Robert Reich Talks About His Play Public Exposure

You might think that when the former U.S. Secretary of Labor writes a play about politics, it’s going to be a heavy-handed diatribe against the Radical Right. Not so, according to Robert Reich, whose play “Public Exposure” opened the Wellfleet Harbor Actors Theater’s 2005 season.

“This is pure fun,” he assures from his office at University of California. – Berkeley, adding “I was going to say good wholesome fun, but no, pure unwholesome fun.”

The play, which will be directed by Gip Hoppe, is about a right-wing television anchor who is persuaded by an unscrupulous plastic surgeon and a savvy journalist to run for president. The only problem is, the anchor can’t seem to keep his pants on. Sound familiar? Certainly several real life characters come to mind here, but Reich is firm in saying any similarities are “purely coincidence.”

This isn’t Reich’s first dalliance with the theater, having written his first play in 1968 and directed several directions during his youth. “I took a playwriting course in the late 60s and when I was in grad school, I directed a number of productions at Oxford..and (my wife) Claire and I have appeared in ‘Love Letters’ on a number of occasions.”

It is his first professional play, though. And although Reich is a prolific writer, having written a dozen nonfiction books, he admits the process for writing “Public Exposure” was a far cry from works like “Reason : Why Liberals Will Win the Battle for America” and “The Work of Nations : Preparing Ourselves for 21st Century Capitalism.”

“It’s not exactly what I normally write,” he confesses. “This last play just bubbled up. I had nothing to do with it. The characters just came out and did what they had to do. I had nothing to do with it. I was an innocent bystander.”

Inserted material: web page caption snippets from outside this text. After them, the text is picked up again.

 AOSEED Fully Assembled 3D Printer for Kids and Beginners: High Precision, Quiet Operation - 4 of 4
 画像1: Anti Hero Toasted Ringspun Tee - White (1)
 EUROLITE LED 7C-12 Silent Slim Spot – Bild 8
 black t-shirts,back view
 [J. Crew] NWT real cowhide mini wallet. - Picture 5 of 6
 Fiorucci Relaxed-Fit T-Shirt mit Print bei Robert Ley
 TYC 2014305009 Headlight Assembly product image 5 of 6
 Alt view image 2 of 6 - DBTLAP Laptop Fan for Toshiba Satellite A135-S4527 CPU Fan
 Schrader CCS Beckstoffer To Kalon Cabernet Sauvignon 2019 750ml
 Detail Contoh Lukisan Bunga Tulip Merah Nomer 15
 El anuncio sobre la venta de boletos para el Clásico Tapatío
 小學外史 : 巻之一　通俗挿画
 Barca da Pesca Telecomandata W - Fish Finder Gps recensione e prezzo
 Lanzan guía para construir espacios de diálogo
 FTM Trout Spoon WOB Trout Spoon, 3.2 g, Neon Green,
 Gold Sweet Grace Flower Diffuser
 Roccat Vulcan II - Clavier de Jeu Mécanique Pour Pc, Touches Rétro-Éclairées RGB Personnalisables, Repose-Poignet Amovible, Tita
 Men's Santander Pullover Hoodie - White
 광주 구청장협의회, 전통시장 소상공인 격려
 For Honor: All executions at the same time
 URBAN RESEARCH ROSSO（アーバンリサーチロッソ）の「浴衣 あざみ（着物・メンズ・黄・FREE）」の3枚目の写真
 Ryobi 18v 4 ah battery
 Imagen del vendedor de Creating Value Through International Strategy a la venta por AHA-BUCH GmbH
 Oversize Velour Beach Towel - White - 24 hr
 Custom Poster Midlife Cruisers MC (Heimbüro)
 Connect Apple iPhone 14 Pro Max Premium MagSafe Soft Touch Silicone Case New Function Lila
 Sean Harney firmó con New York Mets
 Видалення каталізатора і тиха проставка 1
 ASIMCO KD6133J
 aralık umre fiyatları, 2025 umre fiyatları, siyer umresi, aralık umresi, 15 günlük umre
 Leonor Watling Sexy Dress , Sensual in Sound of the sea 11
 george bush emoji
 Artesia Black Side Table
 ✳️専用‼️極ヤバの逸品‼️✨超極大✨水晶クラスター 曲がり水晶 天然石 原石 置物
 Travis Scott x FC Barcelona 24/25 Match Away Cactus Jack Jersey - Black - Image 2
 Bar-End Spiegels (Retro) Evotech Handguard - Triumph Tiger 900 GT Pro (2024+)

While he says the process was fairly mysterious, with the characters, their dialogue and actions coming to him rather quickly, this was a piece he felt strongly about, “I knew I had to write it and I began to know the characters and they whisked me away.”

But make no mistake, Reich brushes off any notion that the play will change the world or even change anyone’s mind about the state of politics in America today.

“It wouldn’t be me if it didn’t express what strikes me as humorous,” he explains, “but I’m not intending to change anybody’s mind. Humor is the universal solvent. It’s important occasionally for us to be able to laugh, even though what’s going on (in reality) is not always very funny.”

It’s this need for laughter and a sense of humor that is the driving force behind the production. Reich did a reading of the piece several months ago in Eastham, and found the process very helpful to tweaking the play. Asked why premiere it at WHAT, Reich gushes with admiration for the theater company.

“I’ve been enormously impressed for years with what the Wellfleet theater has done. They do cutting edge work. They have a great playhouse, wonderful directors, a good group of actors. WHAT Is a wonderful organization. I have enormous confidence in (artistic director) Jeff Zinn.”

The goal for this play is for the audience to get “a great big yuck” out of it. No more, no less.

“Comedy is different from any other medium…It stands or falls on the basis of whether the audience finds it humorous. And you can test that very easily. Do they laugh or not?”